Hypermobile Ehlers Danlos Syndrome (hEDS) is a rare connective tissue disorder with no known genetic biomarker. To identify possible genetic etiologies of hEDS, the functions of genes dysregulated in hEDS skin fibroblasts were correlated with known cellular phenotypes and symptoms of hEDS. The downregulation of cadherin 2 and upregulation of cadherin 11 may cause mechanical stress and inflammation, respectively, which may disrupt Wnt/B-catenin signaling transduction, ECM protein organization, and connective tissue homeostasis in likely multiple organs in hEDS patients. This study guides future in vitro experiments to confirm the roles of these genes that can potentially guide hEDS diagnosis.

Ethan Horowitz

CET-CNN: Modular Hierarchical Image Classification Using Conditional-Execution Tree CNNs
Hometown: Manhasset, NY
Mentor: David Xu, Columbia University

Sequential neural network classifiers overgeneralize between classes, therefore a tree-structured architecture was designed - Conditional-Execution Tree Convolutional Neural Network (CET-CNN) - enabling more specialized classification using subunits that classify and process inputs to pass to more subunits. CET-CNN-A subunits performed multi-class classification while CET-CNN-B subunits performed binary classification. CET-CNNs were compared to sequential networks and run with full, conditional, and single-path execution. CET-CNN-B’s achieved a higher accuracy than CET-CNN-A’s and sequential networks.
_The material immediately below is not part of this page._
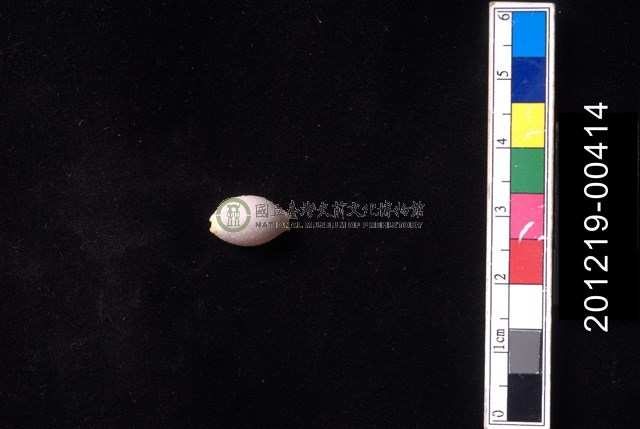 鯊皮寶螺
CET-CNN-B’s and CET-CNN-A’s were most accurate with full-execution and single-execution, respectively. CET-CNN-B’s improved accuracy over sequential networks by 8.25%. Single-path execution reduced effective network size by up to 81%.

Katie Sie

Bioinformatic Analyses Determine Biomarkers for Resistive Small Cell Lung Cancer
Hometown: Oakland Gardens, NY
Mentor: Madhav Subramanian, Washington University at St. Louis (Wash U)
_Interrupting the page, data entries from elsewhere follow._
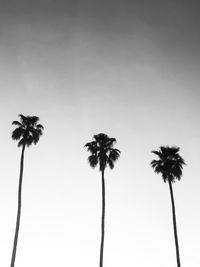 Low angle view of coconut palm trees against sky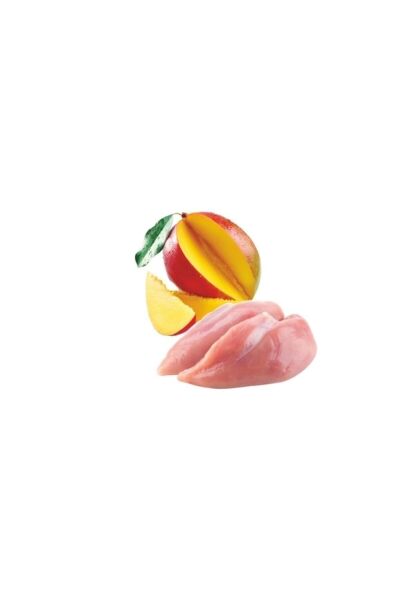 Pet Yavru Kediler Için Tavuk Filota Ve Mango Mix 70 Gr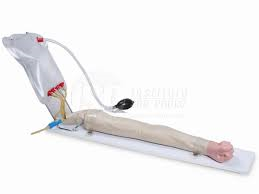 Braço P/ Injeção Intravenosa I.V.-CS/SK -0010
Treatment refraction is a hallmark of small cell lung cancer (SCLC), necessitating further research to mitigate poor prognosis. Datasets of untreated and DNA-damage-repair-inhibitor treated samples were obtained. Gene set enrichment analysis (GSEA) was performed to identify upregulated pathways, elucidating resistive mechanisms in treated samples. Prominent genes in identified pathways were visualized in RStudio and analyzed in GEPIA2 for their impact on survival. Reactive oxygen species pathway and TGF Beta Signaling, whose genes are involved in evading apoptosis and promoting tumor growth, were upregulated. This study identifies novel genes that hold promising potential as therapeutic targets to resensitize tumors.

Emma Wang

Investigating Potential Agro-economic Benefits of Solar Pollinator Habitats
Hometown: Manhasset, NY
Mentor: Anjali Chadha, Massachusetts Institute of Technology (MIT)

American beekeepers lose approximately 42% of their colonies annually, affecting hundreds of pollination-dependent crops and costing the agro-economy $15 billion each year. This study analyzed the potential benefits of establishing solar-pollinator habitats in the U.S., as co-location of solar energy and agriculture can protect pollinators and crops and simultaneously produce energy. Crops were classified by pollinator-dependence, and overlapping areas of solar facilities and cropland were measured. Highly pollinator-dependent crops were more economically valuable than less-dependent crops, and solar-agriculture overlap areas had enormous power capacities, showing the potential to provide clean energy for millions while providing habitats for plant and pollinator species.